Our study demonstrates that a lifestyle intervention, based not only on the transmission of theoretical concepts but also on participant’s experience, has long-lasting effects. In fact, the improvement in eating habits attained by the participants persisted for almost 1 year. It is worth considering that the benefits achieved were maintained over time in the absence of further interactions with the nutritionist in a setting where landmarks are, as for the general population, the GP and the diabetologist. Our study also supports the efficacy of cooking education programmes in improving people’s eating habits, thus confirming previous observations [26,27,28].

The major limitation of this study is the lack of randomization in assigning participants to the intensive or the conventional intervention group. However, random assignment was unfeasible because we could not apart from considering family- and work-related needs of the participants.

Conclusions

Based on the results obtained in this study, it seems appropriate to recommend the use of experiential methodologies to improve the lifestyle of population groups at increased metabolic and cardiovascular risk. In fact, a pivotal role in the achievement of our results is likely to be attributed to the methodology used.

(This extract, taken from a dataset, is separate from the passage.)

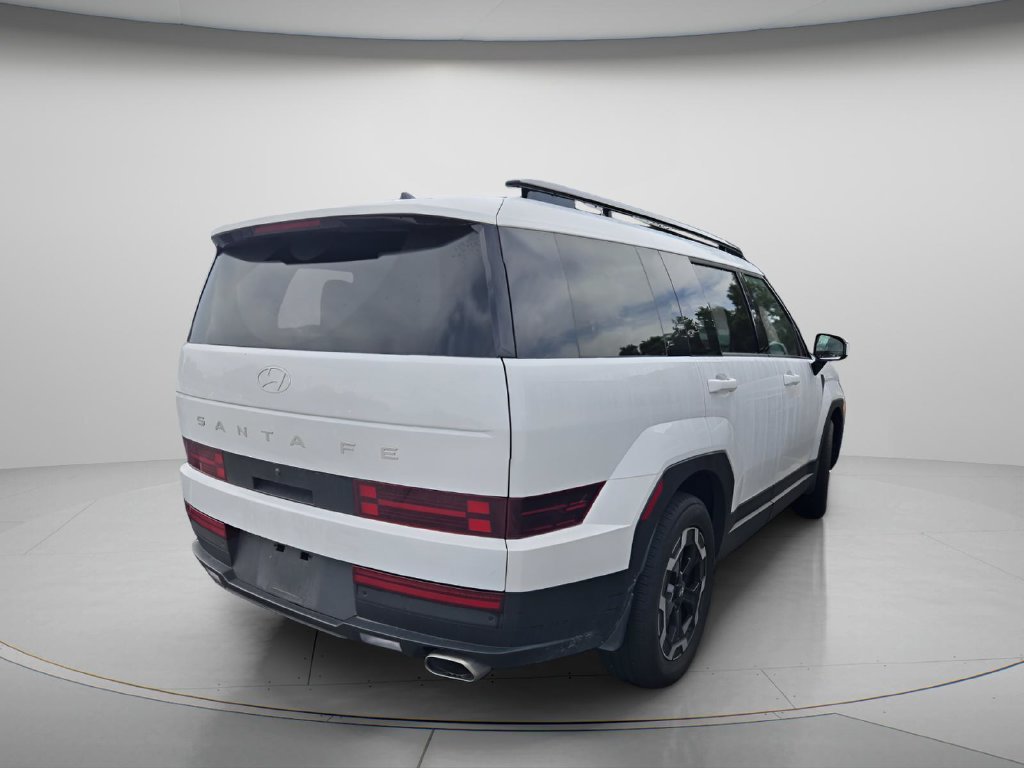 Certified 2025 Hyundai Santa Fe SEL FWD image 4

This was based not only on the traditional nutrition education but also on the consumption for a prolonged time of healthy meals prepared in compliance with the principles of the traditional MD, and on learning how to prepare meals according to the procedures typical of this nutritional model. By extending this methodology of intervention to school canteens and catering services at the worksites, it should be possible to broaden the number of potential beneficiaries of this type of preventive intervention. This approach could possibly improve population health and reduce the risk of major chronic non-communicable diseases that represent the major cause of death and disabilities in most countries.